Angus × Simmental steers (n = 5; initial BW = 417 ± 21 kg) were surgically fitted with rumen cannulae 4 mo before the initiation of this study. Steers were gradually adapted over 3 wk from a forage to a concentrate diet containing 40% MWDGS, 35% dry, cracked corn, 20% untreated ground CS, and 5% vitamin-mineral supplement (DM basis). Steers were randomly assigned to 1 of the 5 treatment diets from Exp. 1 (Table 2). Steers were fed in a 5 × 5 Latin square design for 90% of ad libitum intake. Diets were individually mixed in a paddle mixer (model SPC-2436, Marion Mixers Inc., Marion, IA) daily before feeding at 0900.
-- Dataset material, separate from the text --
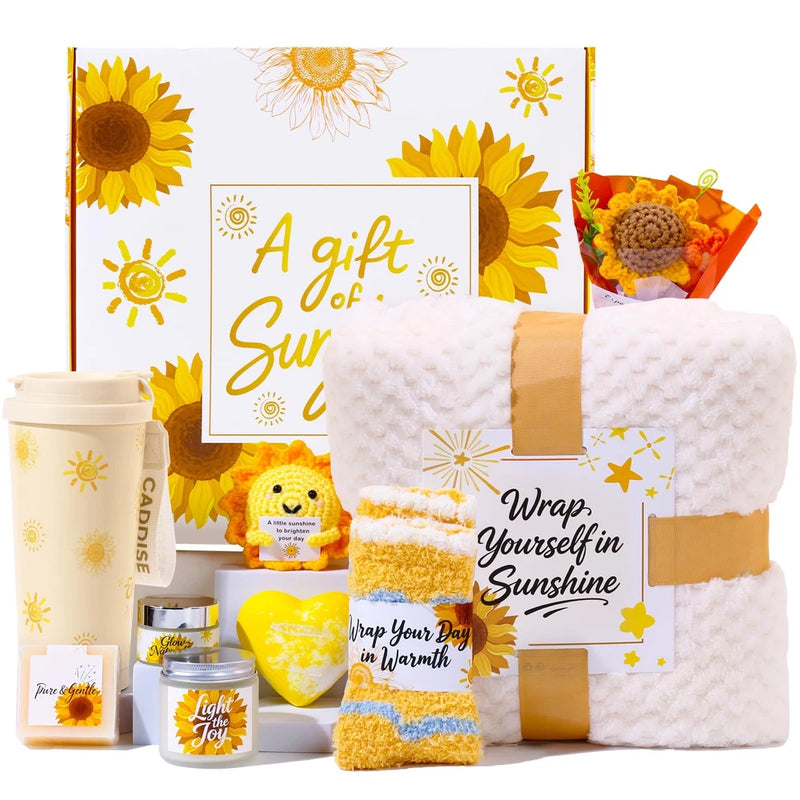Sunflower gift box set with wrapped self-care items, towel, bath sponge, and mugs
View Full Table | Close Full ViewTable 2.

Diets and analyzed nutrient composition of diets fed to steers in Exp. 2

 
Dietary Treatment1
Item CON BGCS 5 EXCS 4,1 EXCS 3,2 EXCS
Ingredient, % DM basis
    MWDGS 35 40 40 40 40
    Dry-cracked corn 55 35 35 35 35
    Corn stover 5 20 20 20 20
    Supplement2 5 5 5 5 5
Analyzed composition, % DM basis
    NDF 22.20 25.13 26.44 26.12 27.01
    ADF 10.55 15.75 16.38 16.29 14.82
    CP 14.68 14.71 14.62 14.74 14.78
    Fat 4.90 4.37 4.47 4.69 4.86
    Ca 0.56 1.64 1.68 1.25 1.13
    P 0.43 0.41 0.42 0.44 0.43
    S 0.28 0.32 0.33 0.33 0.31
    Ash 4.66 7.88 8.43 8.09 7.77
1CON = 55% corn and 5% untreated-ground corn stover on DM basis (corn control). BGCS = corn stover hydrated to 50% moisture and treated with 5% CaO. 5 EXCS = corn stover hydrated to 50% moisture, treated with 5% CaO, and then extruded. 4,1 EXCS = corn stover hydrated to 50% moisture, treated with 4% CaO and 1% NaOH, and then extruded. 3,2 EXCS = corn stover hydrated to 50% moisture, treated with 3% CaO and 2% NaOH, and then extruded. All extruded corn stover blends were processed using a dual-shafted, encased processor (Readco Kurimoto Continuous Processor, York, PA).
2Supplement formulated to contain (DMB): ground corn, 60.76%; limestone, 34.19%; swine trace mineral salt, 2.23% (85% salt, 2.57% Fe, 2.86% Zn, 5,710 mg Mn/kg, 2,290 mg Cu/kg, 100 mg I/kg, 85.7 mg Se/kg); ADEK vitamin mix, 0.22% (680,400 IU Vit A/kg, 68,040 IU Vit D3/kg, 9072 IU Vit E/kg, 453.5 IU Vit K/kg, 3.63 mg Vit B12/kg, 907.2 mg riboflavin/kg, 2494.8 mg d-pantothenic acid/kg, 3402 mg niacin/kg, 29,461 mg Choline/kg); Tylan 40, 0.25% (88 g tylosin/kg of DM, Elanco Animal Health, Greenfield, IN); Rumensin 80, 0.34% (176 g monensin/kg of DM, Elanco Animal Health); Thiamine 40, 0.21% (88g thiamine mononitrate/kg of DM, ADM Alliance Nutrition, Inc., Quincy, IL); copper sulfate, 0.11%; fat 1.69%.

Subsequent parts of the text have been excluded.